陳井芳,費素定,何 萍,黃金銀,王小麗
(寧波衛生職業技術學院,浙江 寧波 315100)
移動互聯網的發展和電子產品的普及,使得智能手機等電子產品上網常態化。作為人才培養基地的高校,在網絡時代的推動下,也發展出了多樣的網絡課程,如翻轉課堂的實施,充分發揮了學生自主學習的積極性。然而網絡時代下的學生自主學習,需要具備良好的自我時間管理能力。本研究對實施翻轉課堂的高職護生進行電子產品使用和時間管理傾向調查,為高校實施網絡課程教學提供參考。
2016年4月按照知情同意原則,采用便利整群抽樣方法,在浙江省寧波衛生職業技術學院抽取4個班級護生作為研究對象。

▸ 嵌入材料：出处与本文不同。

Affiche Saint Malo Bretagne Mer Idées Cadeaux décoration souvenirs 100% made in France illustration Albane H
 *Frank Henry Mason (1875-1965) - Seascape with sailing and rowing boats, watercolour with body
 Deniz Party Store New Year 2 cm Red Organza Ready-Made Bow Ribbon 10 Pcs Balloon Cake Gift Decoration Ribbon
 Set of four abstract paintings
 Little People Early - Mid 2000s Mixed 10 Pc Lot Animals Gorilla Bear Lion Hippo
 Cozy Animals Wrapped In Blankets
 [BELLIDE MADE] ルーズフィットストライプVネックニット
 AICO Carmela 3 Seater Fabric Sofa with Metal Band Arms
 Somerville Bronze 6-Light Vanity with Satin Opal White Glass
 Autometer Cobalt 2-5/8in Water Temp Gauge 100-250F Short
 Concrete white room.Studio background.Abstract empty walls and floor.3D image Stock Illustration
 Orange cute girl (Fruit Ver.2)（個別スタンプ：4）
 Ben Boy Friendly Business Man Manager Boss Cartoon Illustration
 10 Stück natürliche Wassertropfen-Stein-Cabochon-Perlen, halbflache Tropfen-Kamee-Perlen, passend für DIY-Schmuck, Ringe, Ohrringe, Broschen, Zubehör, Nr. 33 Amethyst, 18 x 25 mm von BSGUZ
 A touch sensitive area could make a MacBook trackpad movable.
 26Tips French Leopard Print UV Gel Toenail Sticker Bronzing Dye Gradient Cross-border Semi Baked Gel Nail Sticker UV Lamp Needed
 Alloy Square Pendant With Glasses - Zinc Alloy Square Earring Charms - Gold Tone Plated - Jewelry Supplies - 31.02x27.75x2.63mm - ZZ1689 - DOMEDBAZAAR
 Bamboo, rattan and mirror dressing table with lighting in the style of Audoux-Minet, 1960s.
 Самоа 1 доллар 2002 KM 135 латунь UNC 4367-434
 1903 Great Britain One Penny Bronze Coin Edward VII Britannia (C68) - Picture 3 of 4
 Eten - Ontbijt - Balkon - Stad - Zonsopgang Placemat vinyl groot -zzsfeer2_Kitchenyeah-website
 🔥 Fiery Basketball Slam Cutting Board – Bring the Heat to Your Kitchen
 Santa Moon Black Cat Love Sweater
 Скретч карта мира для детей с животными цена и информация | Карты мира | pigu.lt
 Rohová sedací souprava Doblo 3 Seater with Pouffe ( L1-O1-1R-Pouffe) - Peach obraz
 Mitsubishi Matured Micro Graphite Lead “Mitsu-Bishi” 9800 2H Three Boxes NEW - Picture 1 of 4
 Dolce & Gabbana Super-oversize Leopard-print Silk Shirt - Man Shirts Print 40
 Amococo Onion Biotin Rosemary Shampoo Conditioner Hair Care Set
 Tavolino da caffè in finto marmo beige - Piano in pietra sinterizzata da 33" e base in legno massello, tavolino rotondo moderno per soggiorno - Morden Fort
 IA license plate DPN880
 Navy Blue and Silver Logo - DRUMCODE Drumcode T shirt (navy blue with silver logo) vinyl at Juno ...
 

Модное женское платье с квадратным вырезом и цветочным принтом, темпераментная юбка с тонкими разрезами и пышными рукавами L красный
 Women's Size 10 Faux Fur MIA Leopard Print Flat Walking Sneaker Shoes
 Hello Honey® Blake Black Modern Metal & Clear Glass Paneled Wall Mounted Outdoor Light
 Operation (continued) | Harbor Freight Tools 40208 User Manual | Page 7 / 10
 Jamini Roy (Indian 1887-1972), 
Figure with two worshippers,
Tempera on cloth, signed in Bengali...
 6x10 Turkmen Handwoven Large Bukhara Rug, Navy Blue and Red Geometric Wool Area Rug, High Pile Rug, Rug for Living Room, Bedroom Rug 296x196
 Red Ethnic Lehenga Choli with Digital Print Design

(1)一般資料問卷。研究者查閱文獻,結合網絡下的學習環境自行編制,包括年齡、性別、生源地、獨生子女、獲獎情況、自我學習主動性評價(對自我學習積極性和自主性的認知,5級評分,1=非常強,2=較強,3=一般,4=較差,5=非常差)等;(2)電子產品使用問卷。包括智能手機和計算機擁有及使用情況;(3)青少年時間管理傾向量表。采用黃希庭等人參照國外文獻并結合我國社會文化背景編制的《青少年時間管理傾向量表》[1]。該量表共44個項目,由時間價值感、時間監控觀和時間效能感3個分量表構成,可用來測量我國青少年掌握和支配時間的人格特征。量表采用5級評分方式(1=完全不符合,5=完全符合),各條目相加計算各維度得分和總得分,得分越高,表明個體的時間管理傾向水平越高。量表各維度的內部一致性信度和重測信度均在0.62~0.85之間。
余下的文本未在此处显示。